I l@ve RuBoard Previous Section Next Section

5.3 Fixing DOS Filenames

The heart of the prior script was findFiles, a function than knows how to portably collect matching file and directory names in an entire tree, given a list of filename patterns. It doesn't do much more than the built-in find.find call, but can be augmented for our own purposes. Because this logic was bundled up in a function, though, it automatically becomes a reusable tool.

For example, the next script imports and applies findFiles, to collect all file names in a directory tree, by using the filename pattern * (it matches everything). I use this script to fix a legacy problem in the book's examples tree. The names of some files created under MS-DOS were made all uppercase; for example, spam.py became SPAM.PY somewhere along the way. Because case is significant both in Python and on some platforms, an import statement like "import spam" will sometimes fail for uppercase filenames.

To repair the damage everywhere in the thousand-file examples tree, I wrote and ran Example 5-6. It works like this: For every filename in the tree, it checks to see if the name is all uppercase, and asks the console user whether the file should be renamed with the os.rename call.
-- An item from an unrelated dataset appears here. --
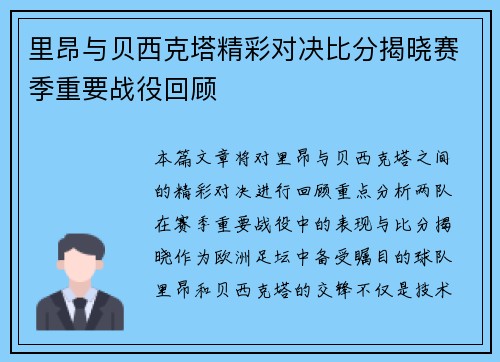里昂与贝西克塔精彩对决比分揭晓赛季重要战役回顾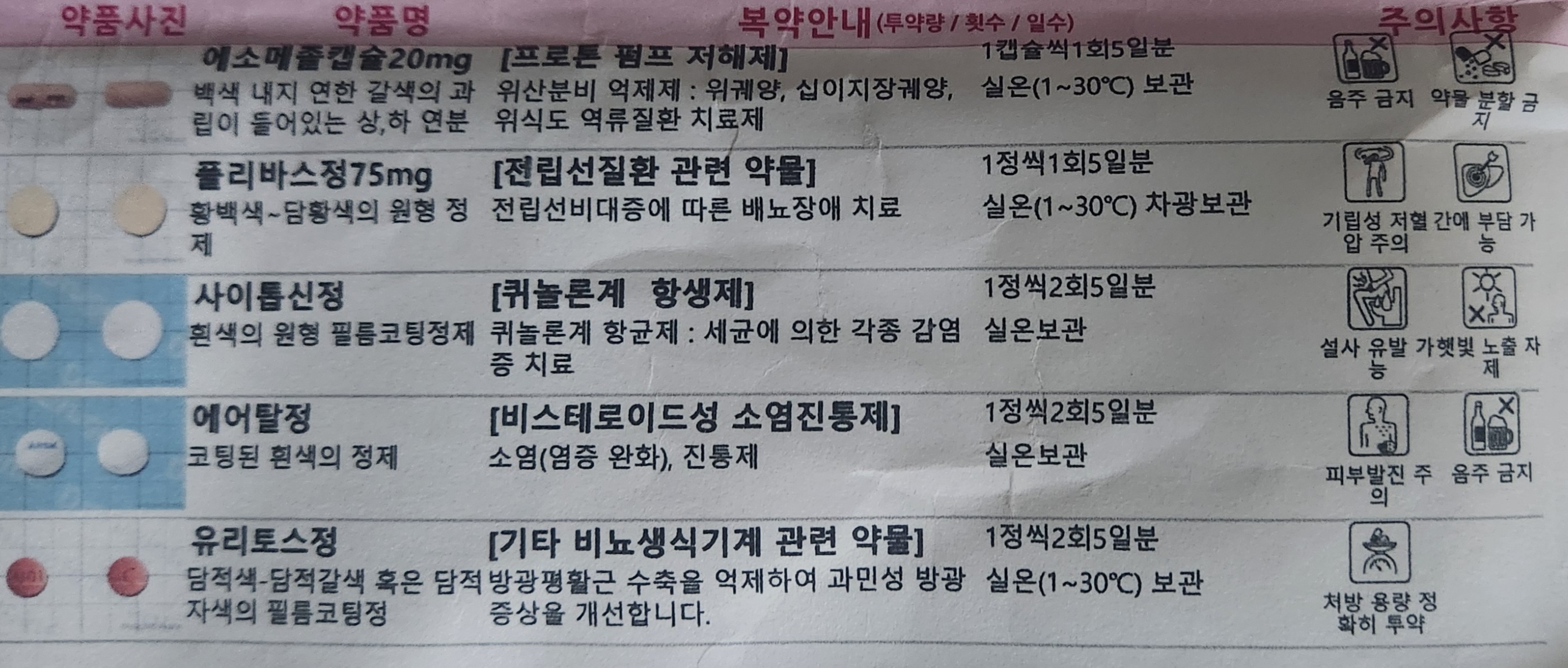 1번 째 사진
To make this easy, it also comes up with a reasonable default for most new names -- the old one in all-lowercase form.

Example 5-6. PP2E\PyTools\fixnames_all.py
#########################################################
# Use: "python ..\..\PyTools\fixnames_all.py".
# find all files with all upper-case names at and below
# the current directory ('.'); for each, ask the user for
# a new name to rename the file to; used to catch old 
# uppercase file names created on MS-DOS (case matters on
# some platforms, when importing Python module files);
# caveats: this may fail on case-sensitive machines if 
# directory names are converted before their contents--the
# original dir name in the paths returned by find may no 
# longer exist; the allUpper heuristic also fails for 
# odd filenames that are all non-alphabetic (ex: '.');
#########################################################

import os, string
listonly = 0

def allUpper(name):
    for char in name:
        if char in string.lowercase:    # any lowercase letter disqualifies
            return 0                    # else all upper, digit, or special 
    return 1 

def convertOne(fname):
    fpath, oldfname = os.path.split(fname)
    if allUpper(oldfname):
        prompt = 'Convert dir=%s file=%s? (y|Y)' % (fpath, oldfname)
        if raw_input(prompt) in ['Y', 'y']:
            default  = string.lower(oldfname)
            newfname = raw_input('Type new file name (enter=%s): ' % default)
            newfname = newfname or default
            newfpath = os.path.join(fpath, newfname)
            os.rename(fname, newfpath)
            print 'Renamed: ', fname
            print 'to:      ', str(newfpath)
            raw_input('Press enter to continue')
            return 1
    return 0

if __name__ == '__main__':
    patts = "*"                              # inspect all file names
    from fixeoln_all import findFiles        # reuse finder function
    matches = findFiles(patts)

    ccount = vcount = 0
    for matchlist in matches:                # list of lists, one per pattern
        for fname in matchlist:              # fnames are full directory paths
            print vcount+1, '=>', fname      # includes names of directories 
            if not listonly:  
                ccount = ccount + convertOne(fname)
            vcount = vcount + 1
    print 'Converted %d files, visited %d' % (ccount, vcount)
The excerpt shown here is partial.